Idea Cellular Ltd has raised its annual capital spending guidance by about a fifth as it prepares to roll out a high-speed fourth-generation (4G) network to cater for rising demand for mobile data.
The country’s third-biggest mobile operator now expects to spend 60-65 billion rupees ($945 million to $1.02 billion) in the year to March 2016, up from the 50-55 billion rupees guidance given in April, Chief Executive Himanshu Kapania said.
Earlier in the day, Idea reported a better-than-expected 28 percent rise in quarterly profit, helped by higher data revenue, and said it would introduce 4G services in 10 of the country’s 22 service areas next year.
The number of mobile web users in India is expected to grow by around 28 percent annually between 2013-2017 and reach 314 million by the end of 2017, according to a report released by the Internet and Mobile Association of India and KPMG.
Indian mobile operators are bracing for even more competition in an already cutthroat market as Reliance Jio, the telecoms unit of conglomerate Reliance Industries, plans to launch 4G broadband services by December.

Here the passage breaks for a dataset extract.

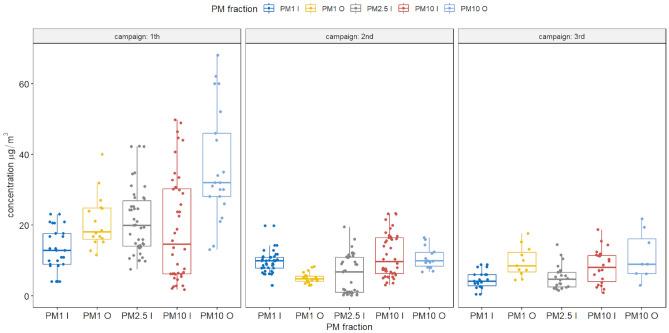 https://cdn.ncbi.nlm.nih.gov/pmc/blobs/f1ac/11339401/ee02d9211715/41598_2024_70081_Fig6_HTML.jpg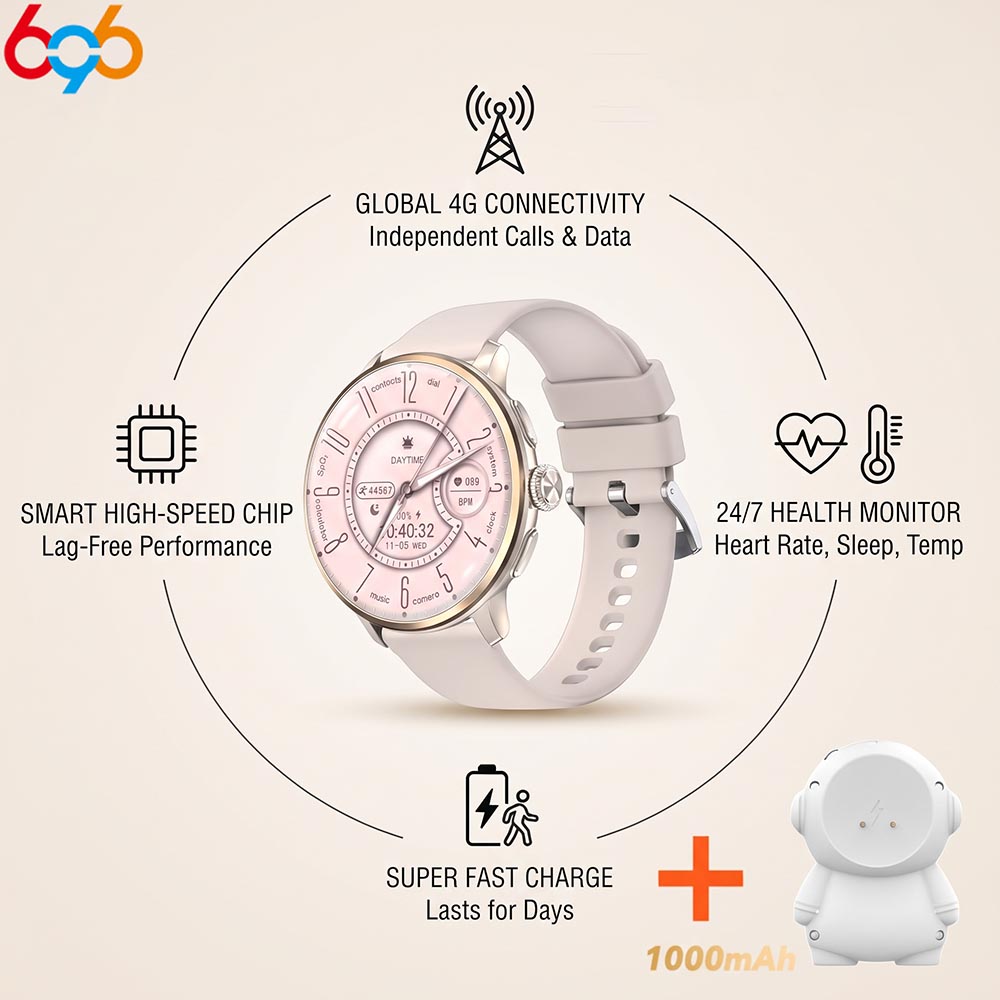 สมาร์ทวอทช์สำหรับกีฬา กันน้ำ ร - Smartwatch Watches For Women With Gps บทวิจารณ์และราคา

Currently only top Indian operator Bharti Airtel offers 4G services, and only in some service areas.
“The 4G approach is to go into well-evolved markets where already adoption of 3G is strong and where there has been an early start of people buying 4G devices,” Idea CEO Kapania told reporters in Mumbai.
Idea, part of the Aditya Birla conglomerate and also nearly a fifth owned by Malaysia’s Axiata, spent close to $5 billion in a government airwaves auction in March, betting big on the India’s significant mobile data potential.
Kapania said Idea was evaluating a range of digital services and apps in areas including entertainment, communications and utilities to complement its 4G entry and would even consider using its retail network to distribute 4G devices.